Your bivector example, say, $B = b \cdot A$ can be factored into a pair of orthogonal vectors in a number of ways. This is always going to be possible in a 3D subspace like the one you have used for your example. One technique would be to form pairs of vectors by dotting the bivector with any non-zero vector in the plane spanned by basis formed by factors of $B$. For example:

$ \begin{aligned} v_1 &= B \cdot a_1 \\ v_2 &= B \cdot v_1 \end{aligned} $

both of these vectors lie in the plane and are perpendicular by construction ($v_1$ is proportional to the projection of $a_1$ onto $B$, but rotated 90 degrees, and $v_2$ proportional to a further 90 rotation of $v_1$.)

You can verify that $B \propto v_1 v_2$.

This is a bit hard to see with your example, as stated, but you can verify it computationally easily enough

Mathematica computational example.

I have a few other examples of this sort of factorization as a problem in chapter I (solutions are available at the end of chapter) in my book, a free PDF copy of which is available at Geometric Algebra for Electrical Engineers

Geometrically, the essentially 3D example you have posed can also be viewed in terms of duality.
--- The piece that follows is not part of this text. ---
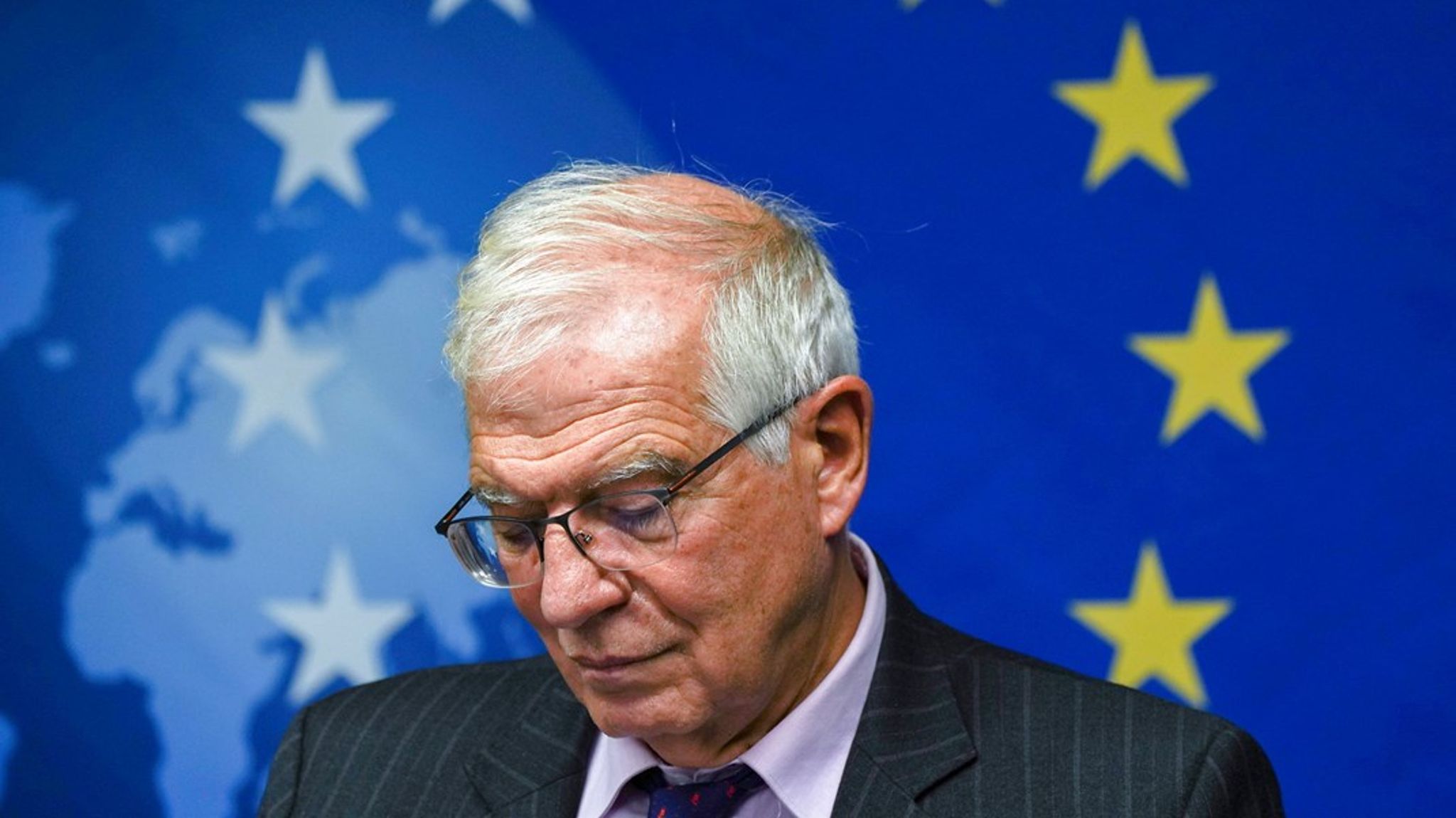 Josep Borrel har i sine taler på det seneste skældt ud på sine egne ambassadører og advaret om Europas naivitet.&nbsp;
Specifically, a vector can be expressed as the dual of a bivector (a simple 2-vector) that in turn can be expressed as a product of two perpendicular vectors, as illustrated here:

three perpendicular vectors

We can write:

$b \propto v_1 v_2 I,\qquad b \cdot v_1 = b \cdot v_2 = v_1 \cdot v_2 = 0$

(i.e.: $b \propto v_1 \times v_2$), just as we can write

$T = a_1 a_2 a_3 \propto I$,

where $I$ is the unit pseudoscalar for the 3D subspace spanned by $a_1, a_2, a_3$.

Let

$b = \beta v_1 v_2 I$,

and

$T = \alpha I$,

leaving

$b \cdot T = (\beta v_1 v_2 I)(\alpha I) = -\alpha \beta v_1 v_2.$

We see explicitly, that $b \cdot T$ is simple, as it is proportional to the product of two orthogonal vectors.